We are mourning of the loss of Eberhard Georg (George) Wedell, a child refugee from Nazi-Germany who became an LSE student and dedicated his entire life to promote interfaith dialogue and cross-cultural communication.

 Wedell’s grandfather was the Chief Rabbi of Hanover but his father had converted to Protestantism in 1914.  His godfather  was the renowned Lutheran theologian Dietrich Bonhoeffer (1906–1945) whose statue is now carved onto the west front of Westminster Abbey as one of the martyrs of the twentieth century.  Wedell and his family were viewed by the Nazis as “Mischlings”, tainted by their Jewish origins.  He had childhood memories of Kristallnacht and was brought to England at the age of 11 with his mother and brothers in 1938. Their escape was secured by the cooperation of George Bell (1883 –1958), then Bishop of Chichester.

 Scholarship at LSE

After schooling in Kent, Wedell came to the LSE in 1944, studying first in its evacuated home of Peterhouse in Cambridge and then on Houghton Street after the war ended. He was given a free scholarship and described by his advisor of studies as “an exemplary sincere, high-minded and intelligent man”, “a very good worker who seems certain to make a mark in the world.” While at LSE, Wedell was president of the Student Christian Movement, a significant force at the time for ecumenical cooperation and reconciliation across the world. On graduation, he worked full time for the movement, reflecting his lifelong commitment to the practical expression of faith. Wedell and his wife Rosemarie (1920-2010) also developed an active interest in interfaith dialogue, a cause which he continued to support within the LSE.

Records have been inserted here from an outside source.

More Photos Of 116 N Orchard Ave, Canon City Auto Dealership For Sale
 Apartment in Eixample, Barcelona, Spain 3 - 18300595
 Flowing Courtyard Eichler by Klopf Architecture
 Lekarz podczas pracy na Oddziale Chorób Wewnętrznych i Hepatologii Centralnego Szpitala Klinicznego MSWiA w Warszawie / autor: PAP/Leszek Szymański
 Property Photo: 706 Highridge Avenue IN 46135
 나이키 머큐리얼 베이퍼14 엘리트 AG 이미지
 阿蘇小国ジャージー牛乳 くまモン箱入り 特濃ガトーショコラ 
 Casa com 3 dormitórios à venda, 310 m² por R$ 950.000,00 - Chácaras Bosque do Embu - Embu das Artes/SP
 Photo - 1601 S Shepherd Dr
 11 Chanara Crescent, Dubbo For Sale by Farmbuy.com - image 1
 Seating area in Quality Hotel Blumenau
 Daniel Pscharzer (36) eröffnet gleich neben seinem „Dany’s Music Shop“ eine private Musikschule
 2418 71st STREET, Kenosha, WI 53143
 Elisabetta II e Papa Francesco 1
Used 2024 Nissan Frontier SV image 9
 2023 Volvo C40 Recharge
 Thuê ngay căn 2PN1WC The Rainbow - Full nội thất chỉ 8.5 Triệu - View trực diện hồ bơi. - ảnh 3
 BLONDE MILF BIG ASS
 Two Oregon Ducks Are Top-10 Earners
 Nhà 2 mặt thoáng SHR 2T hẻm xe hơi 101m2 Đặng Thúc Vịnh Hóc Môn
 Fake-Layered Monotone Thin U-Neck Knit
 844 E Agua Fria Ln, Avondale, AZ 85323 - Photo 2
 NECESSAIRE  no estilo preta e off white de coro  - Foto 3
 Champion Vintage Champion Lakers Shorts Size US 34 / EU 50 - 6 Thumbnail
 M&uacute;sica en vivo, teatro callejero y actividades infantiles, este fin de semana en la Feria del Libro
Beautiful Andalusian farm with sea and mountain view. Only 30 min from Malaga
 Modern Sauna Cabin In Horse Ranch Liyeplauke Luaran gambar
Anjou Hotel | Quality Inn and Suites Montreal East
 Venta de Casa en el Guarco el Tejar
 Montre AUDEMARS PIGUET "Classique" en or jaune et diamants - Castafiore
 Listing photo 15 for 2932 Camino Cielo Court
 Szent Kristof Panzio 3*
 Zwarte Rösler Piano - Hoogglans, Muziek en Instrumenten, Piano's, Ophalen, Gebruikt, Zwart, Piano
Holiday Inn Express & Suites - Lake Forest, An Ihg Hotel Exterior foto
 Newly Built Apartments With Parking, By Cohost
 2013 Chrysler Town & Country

Distinguished career in communication and education

The twin spheres of education and broadcasting have fed into one another throughout Wedell’s career. In 1950 he became a civil servant working in the Department of Education, but moved in 1958 to be Secretary of the newly created Independent Television Authority. His creative mind and commitment to the ideals of independent public service broadcasting led to a move into academia, taking the Chair of Adult Education at the University of Manchester. Both adult education and media were new disciplines at this time and Wedell dramatically expanded research in both fields, encompassing higher education, social development, broadcasting policy and regulation of advertising. His first book of 1968, Broadcasting and Public Policy, was groundbreaking and took him all around the world lecturing and advising governments on both broadcasting and education. He had a particular interest in the developing world, reflected in publications such as Education and the Development of Malawi (1973) and Broadcasting in the Third World (1977, with Elihu Katz).

Commitment to Europe

In 1973 Wedell  transferred to Brussels where he headed up the European Commission division for employment and retraining. He became a prominent figure within the Commission and after he left, to return to the University of Manchester, in 1982 he founded the European Institute for Media (EIM) of which he became director. In this post Wedell drew scholars from this emerging discipline together and contributed significant research to the field. Consonant with Wedell’s ’s ideals, the EIM was not merely a centre of academic research but a driver for the positive role of media in social change, particularly the democratization of former communist countries in which Wedell was significantly involved.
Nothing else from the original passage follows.